_WORK INSTRUCTION:_
When you reach the line that contains "Multicolor gestreepte abstract", give it back exactly along with each line after it to the end of the entries; skip any pictures.

Scraped caption text data:
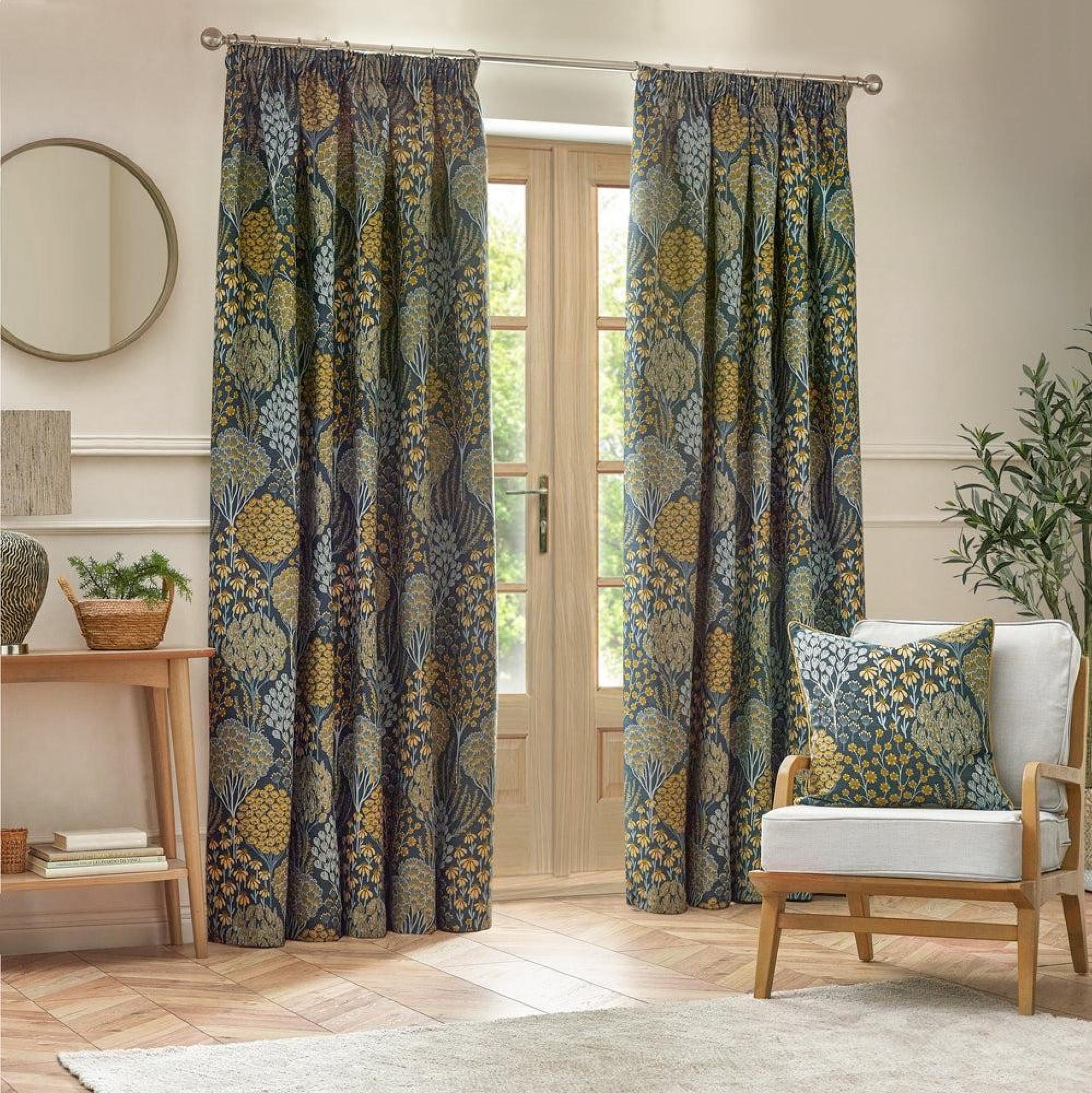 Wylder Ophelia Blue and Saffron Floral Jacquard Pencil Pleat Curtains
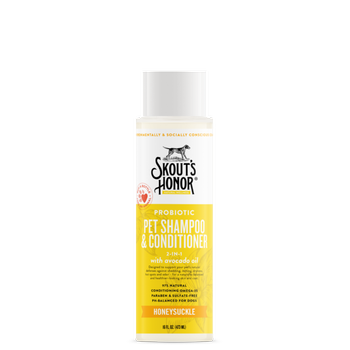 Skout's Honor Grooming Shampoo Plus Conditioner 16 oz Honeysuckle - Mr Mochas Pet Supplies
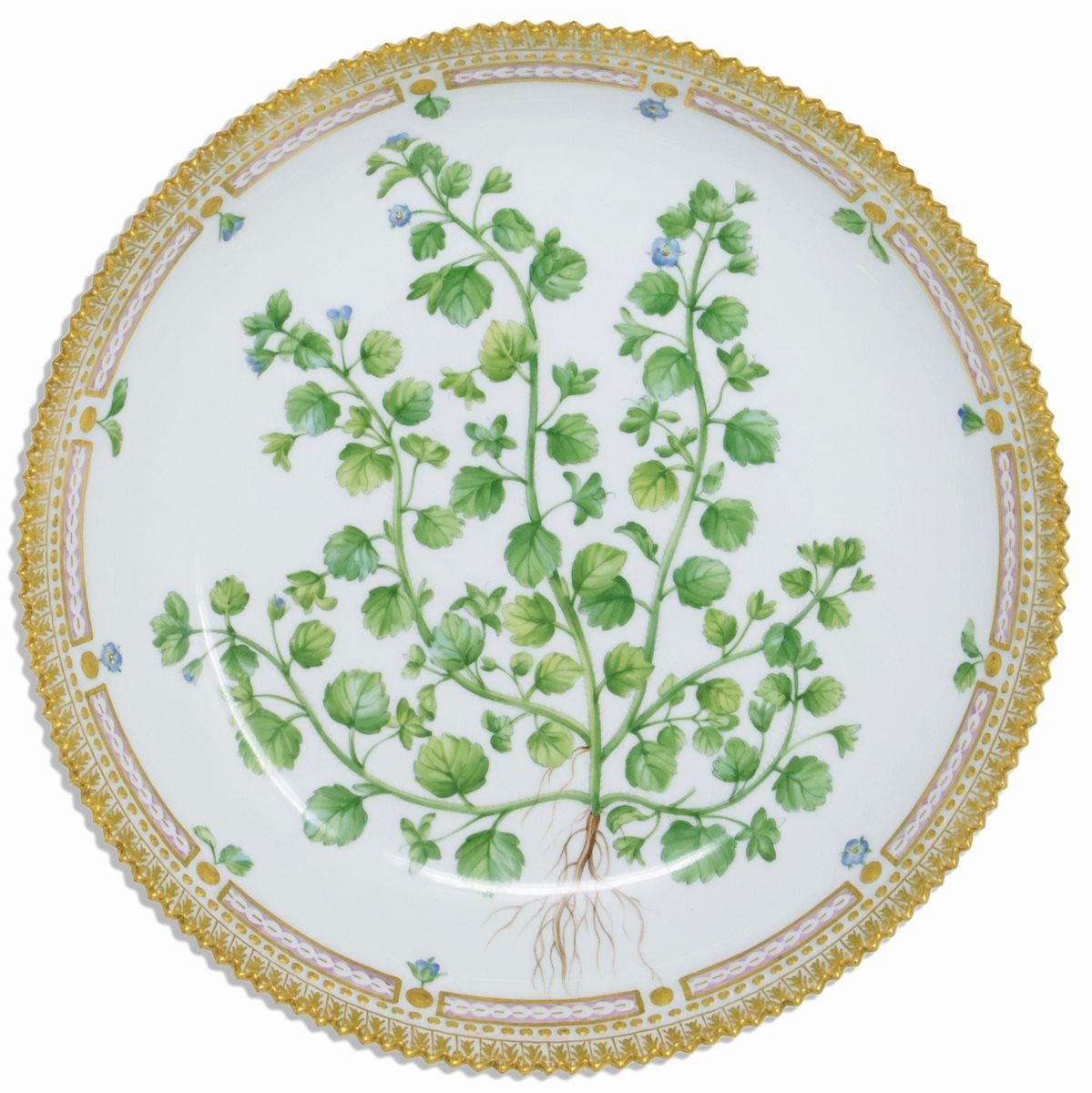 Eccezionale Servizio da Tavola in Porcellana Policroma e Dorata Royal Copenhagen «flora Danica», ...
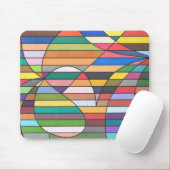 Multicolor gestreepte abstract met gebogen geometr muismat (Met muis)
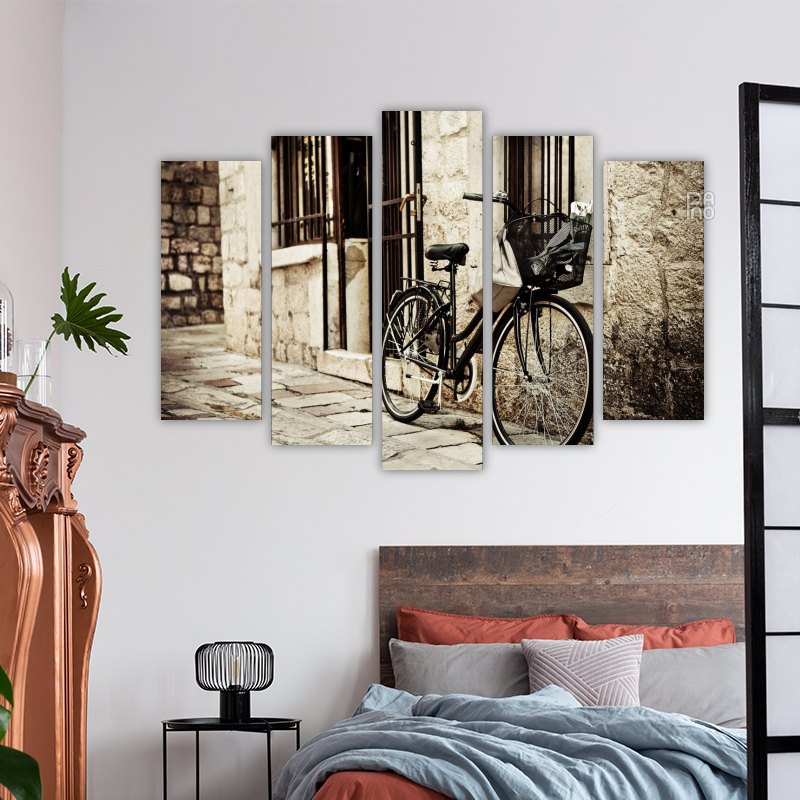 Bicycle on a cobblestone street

_COMPLETED EXERCISE:_
 Multicolor gestreepte abstract met gebogen geometr muismat (Met muis)
 Bicycle on a cobblestone street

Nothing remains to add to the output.